Work required
Down to the last line, reproduce the data that follows, but skip the pictures.

Data below
● ● ● ● ●

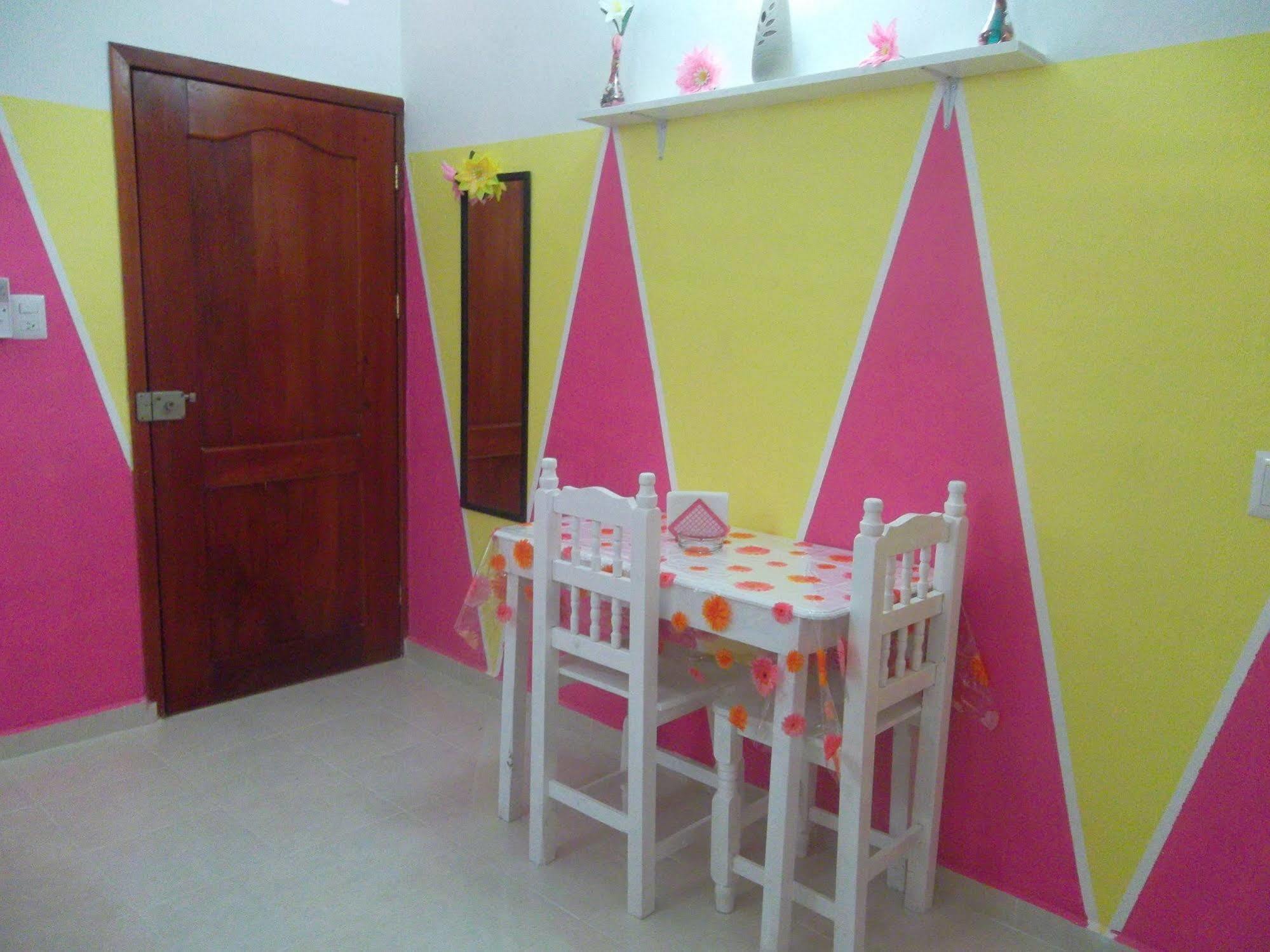 Appartamenti Melissa Playa del Carmen Dış mekan fotoğraf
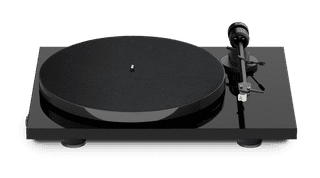 Pro-Ject Stereo Set E Phono Black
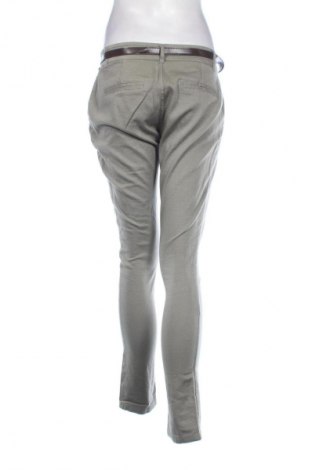 Damskie spodnie Made In Italy, Rozmiar M, Kolor Zielony, Cena 40,99 zł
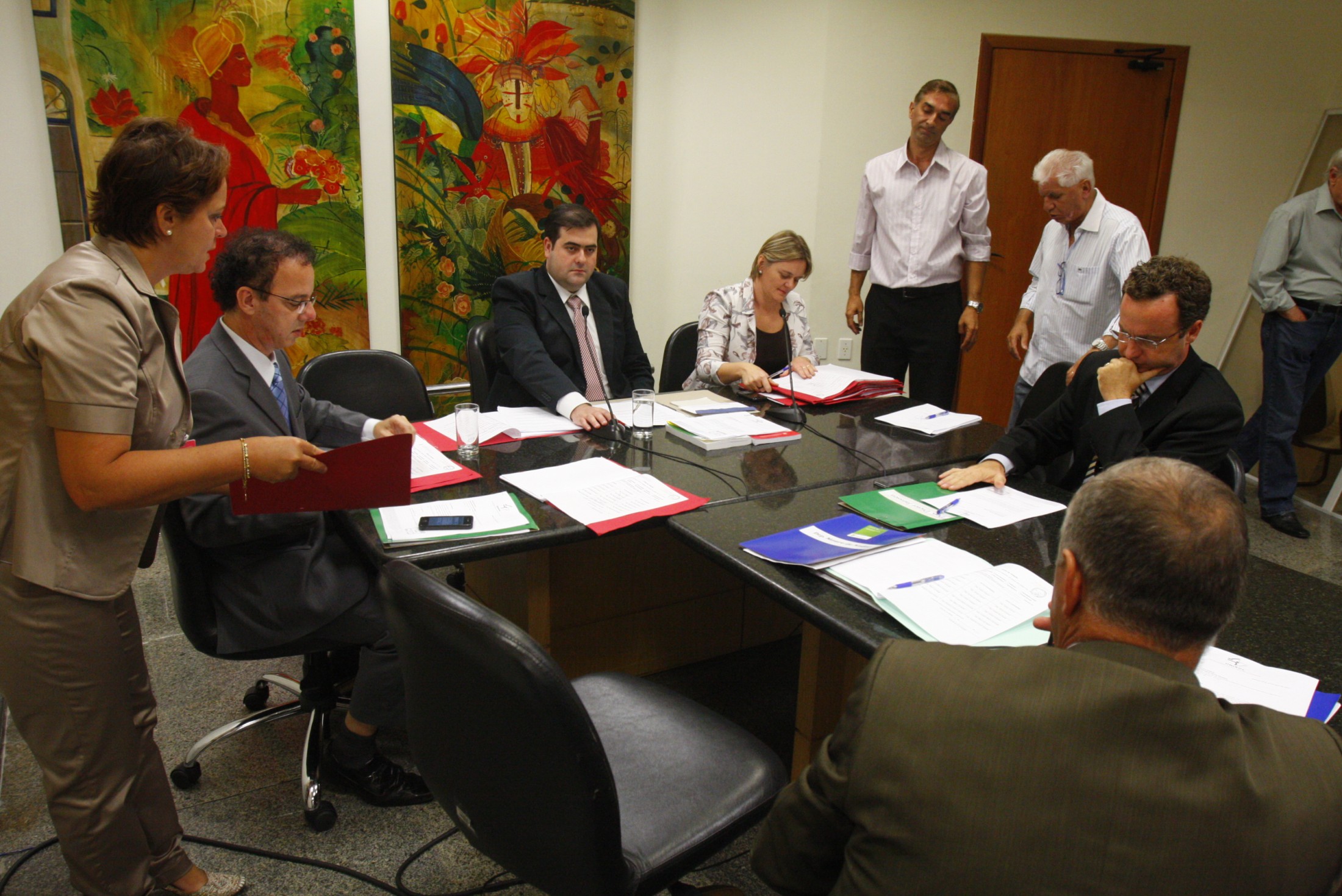 Reunião da Comissão de Educação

● ● ● ● ●

Answer space
 Appartamenti Melissa Playa del Carmen Dış mekan fotoğraf
 Pro-Ject Stereo Set E Phono Black
 Damskie spodnie Made In Italy, Rozmiar M, Kolor Zielony, Cena 40,99 zł
 Reunião da Comissão de Educação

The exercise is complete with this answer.